### What needs to be done
Each entry needs to be reproduced verbatim.

(Stored dataset items)
────────────────────

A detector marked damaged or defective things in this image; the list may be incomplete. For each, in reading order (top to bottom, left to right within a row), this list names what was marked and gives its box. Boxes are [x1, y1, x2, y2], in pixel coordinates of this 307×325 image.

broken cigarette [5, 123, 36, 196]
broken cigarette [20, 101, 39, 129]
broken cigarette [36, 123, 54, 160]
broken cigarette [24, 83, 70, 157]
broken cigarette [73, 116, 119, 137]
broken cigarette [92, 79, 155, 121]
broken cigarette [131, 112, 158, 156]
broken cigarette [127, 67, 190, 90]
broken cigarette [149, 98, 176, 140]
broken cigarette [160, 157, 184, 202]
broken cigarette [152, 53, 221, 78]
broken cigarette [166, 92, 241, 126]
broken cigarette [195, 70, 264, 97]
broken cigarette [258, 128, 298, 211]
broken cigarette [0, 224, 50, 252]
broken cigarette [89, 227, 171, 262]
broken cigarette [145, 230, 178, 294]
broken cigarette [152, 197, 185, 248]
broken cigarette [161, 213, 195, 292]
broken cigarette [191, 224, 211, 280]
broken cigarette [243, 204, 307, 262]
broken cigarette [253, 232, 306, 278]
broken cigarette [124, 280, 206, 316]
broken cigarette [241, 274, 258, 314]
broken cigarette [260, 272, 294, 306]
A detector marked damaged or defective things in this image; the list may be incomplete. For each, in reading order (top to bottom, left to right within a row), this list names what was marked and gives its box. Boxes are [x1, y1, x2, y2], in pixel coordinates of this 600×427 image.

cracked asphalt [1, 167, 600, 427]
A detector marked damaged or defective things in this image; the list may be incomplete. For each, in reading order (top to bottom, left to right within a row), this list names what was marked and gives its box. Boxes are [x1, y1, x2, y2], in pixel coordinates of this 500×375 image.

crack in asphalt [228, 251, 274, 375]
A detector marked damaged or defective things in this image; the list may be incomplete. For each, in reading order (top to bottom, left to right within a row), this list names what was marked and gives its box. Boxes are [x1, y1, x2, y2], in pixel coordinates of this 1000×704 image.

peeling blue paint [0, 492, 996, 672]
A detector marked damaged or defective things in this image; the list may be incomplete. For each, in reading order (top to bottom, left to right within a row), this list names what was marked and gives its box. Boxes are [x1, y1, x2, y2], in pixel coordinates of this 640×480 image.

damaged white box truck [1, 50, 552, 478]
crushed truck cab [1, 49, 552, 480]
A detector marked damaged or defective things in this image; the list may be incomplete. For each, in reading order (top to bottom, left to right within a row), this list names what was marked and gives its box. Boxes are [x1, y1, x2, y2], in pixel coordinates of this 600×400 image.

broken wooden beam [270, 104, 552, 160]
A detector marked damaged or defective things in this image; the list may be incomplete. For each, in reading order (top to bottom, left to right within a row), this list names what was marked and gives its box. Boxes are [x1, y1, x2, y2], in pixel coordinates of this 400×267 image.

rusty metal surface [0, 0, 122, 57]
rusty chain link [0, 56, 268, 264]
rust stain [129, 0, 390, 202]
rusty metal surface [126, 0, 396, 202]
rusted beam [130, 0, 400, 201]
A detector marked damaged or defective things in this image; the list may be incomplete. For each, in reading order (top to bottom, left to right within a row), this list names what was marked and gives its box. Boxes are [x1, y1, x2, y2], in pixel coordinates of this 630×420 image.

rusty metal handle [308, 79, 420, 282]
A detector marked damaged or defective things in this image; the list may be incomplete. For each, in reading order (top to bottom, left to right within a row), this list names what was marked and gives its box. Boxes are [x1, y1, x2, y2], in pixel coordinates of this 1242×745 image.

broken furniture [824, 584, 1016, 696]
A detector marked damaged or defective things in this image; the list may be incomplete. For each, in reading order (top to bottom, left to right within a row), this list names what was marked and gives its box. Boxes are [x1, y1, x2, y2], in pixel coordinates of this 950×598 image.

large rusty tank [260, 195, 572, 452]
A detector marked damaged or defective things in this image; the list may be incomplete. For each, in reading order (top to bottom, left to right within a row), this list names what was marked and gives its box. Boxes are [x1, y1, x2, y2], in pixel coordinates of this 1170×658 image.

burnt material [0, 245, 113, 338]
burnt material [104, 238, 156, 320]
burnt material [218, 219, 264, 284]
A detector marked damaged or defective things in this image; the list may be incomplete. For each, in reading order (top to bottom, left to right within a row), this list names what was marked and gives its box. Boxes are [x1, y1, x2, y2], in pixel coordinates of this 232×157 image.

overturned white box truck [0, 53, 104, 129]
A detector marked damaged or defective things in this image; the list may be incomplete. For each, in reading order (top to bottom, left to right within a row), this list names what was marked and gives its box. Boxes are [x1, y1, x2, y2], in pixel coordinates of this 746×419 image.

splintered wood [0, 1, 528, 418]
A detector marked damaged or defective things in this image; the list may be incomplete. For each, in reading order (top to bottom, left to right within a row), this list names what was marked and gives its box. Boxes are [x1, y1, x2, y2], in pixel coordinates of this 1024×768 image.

────────────────────

### Written answer
A detector marked damaged or defective things in this image; the list may be incomplete. For each, in reading order (top to bottom, left to right within a row), this list names what was marked and gives its box. Boxes are [x1, y1, x2, y2], in pixel coordinates of this 307×325 image.

broken cigarette [5, 123, 36, 196]
broken cigarette [20, 101, 39, 129]
broken cigarette [36, 123, 54, 160]
broken cigarette [24, 83, 70, 157]
broken cigarette [73, 116, 119, 137]
broken cigarette [92, 79, 155, 121]
broken cigarette [131, 112, 158, 156]
broken cigarette [127, 67, 190, 90]
broken cigarette [149, 98, 176, 140]
broken cigarette [160, 157, 184, 202]
broken cigarette [152, 53, 221, 78]
broken cigarette [166, 92, 241, 126]
broken cigarette [195, 70, 264, 97]
broken cigarette [258, 128, 298, 211]
broken cigarette [0, 224, 50, 252]
broken cigarette [89, 227, 171, 262]
broken cigarette [145, 230, 178, 294]
broken cigarette [152, 197, 185, 248]
broken cigarette [161, 213, 195, 292]
broken cigarette [191, 224, 211, 280]
broken cigarette [243, 204, 307, 262]
broken cigarette [253, 232, 306, 278]
broken cigarette [124, 280, 206, 316]
broken cigarette [241, 274, 258, 314]
broken cigarette [260, 272, 294, 306]
A detector marked damaged or defective things in this image; the list may be incomplete. For each, in reading order (top to bottom, left to right within a row), this list names what was marked and gives its box. Boxes are [x1, y1, x2, y2], in pixel coordinates of this 600×427 image.

cracked asphalt [1, 167, 600, 427]
A detector marked damaged or defective things in this image; the list may be incomplete. For each, in reading order (top to bottom, left to right within a row), this list names what was marked and gives its box. Boxes are [x1, y1, x2, y2], in pixel coordinates of this 500×375 image.

crack in asphalt [228, 251, 274, 375]
A detector marked damaged or defective things in this image; the list may be incomplete. For each, in reading order (top to bottom, left to right within a row), this list names what was marked and gives its box. Boxes are [x1, y1, x2, y2], in pixel coordinates of this 1000×704 image.

peeling blue paint [0, 492, 996, 672]
A detector marked damaged or defective things in this image; the list may be incomplete. For each, in reading order (top to bottom, left to right within a row), this list names what was marked and gives its box. Boxes are [x1, y1, x2, y2], in pixel coordinates of this 640×480 image.

damaged white box truck [1, 50, 552, 478]
crushed truck cab [1, 49, 552, 480]
A detector marked damaged or defective things in this image; the list may be incomplete. For each, in reading order (top to bottom, left to right within a row), this list names what was marked and gives its box. Boxes are [x1, y1, x2, y2], in pixel coordinates of this 600×400 image.

broken wooden beam [270, 104, 552, 160]
A detector marked damaged or defective things in this image; the list may be incomplete. For each, in reading order (top to bottom, left to right within a row), this list names what was marked and gives its box. Boxes are [x1, y1, x2, y2], in pixel coordinates of this 400×267 image.

rusty metal surface [0, 0, 122, 57]
rusty chain link [0, 56, 268, 264]
rust stain [129, 0, 390, 202]
rusty metal surface [126, 0, 396, 202]
rusted beam [130, 0, 400, 201]
A detector marked damaged or defective things in this image; the list may be incomplete. For each, in reading order (top to bottom, left to right within a row), this list names what was marked and gives its box. Boxes are [x1, y1, x2, y2], in pixel coordinates of this 630×420 image.

rusty metal handle [308, 79, 420, 282]
A detector marked damaged or defective things in this image; the list may be incomplete. For each, in reading order (top to bottom, left to right within a row), this list names what was marked and gives its box. Boxes are [x1, y1, x2, y2], in pixel coordinates of this 1242×745 image.

broken furniture [824, 584, 1016, 696]
A detector marked damaged or defective things in this image; the list may be incomplete. For each, in reading order (top to bottom, left to right within a row), this list names what was marked and gives its box. Boxes are [x1, y1, x2, y2], in pixel coordinates of this 950×598 image.

large rusty tank [260, 195, 572, 452]
A detector marked damaged or defective things in this image; the list may be incomplete. For each, in reading order (top to bottom, left to right within a row), this list names what was marked and gives its box. Boxes are [x1, y1, x2, y2], in pixel coordinates of this 1170×658 image.

burnt material [0, 245, 113, 338]
burnt material [104, 238, 156, 320]
burnt material [218, 219, 264, 284]
A detector marked damaged or defective things in this image; the list may be incomplete. For each, in reading order (top to bottom, left to right within a row), this list names what was marked and gives its box. Boxes are [x1, y1, x2, y2], in pixel coordinates of this 232×157 image.

overturned white box truck [0, 53, 104, 129]
A detector marked damaged or defective things in this image; the list may be incomplete. For each, in reading order (top to bottom, left to right within a row), this list names what was marked and gives its box. Boxes are [x1, y1, x2, y2], in pixel coordinates of this 746×419 image.

splintered wood [0, 1, 528, 418]
A detector marked damaged or defective things in this image; the list may be incomplete. For each, in reading order (top to bottom, left to right within a row), this list names what was marked and gives its box. Boxes are [x1, y1, x2, y2], in pixel coordinates of this 1024×768 image.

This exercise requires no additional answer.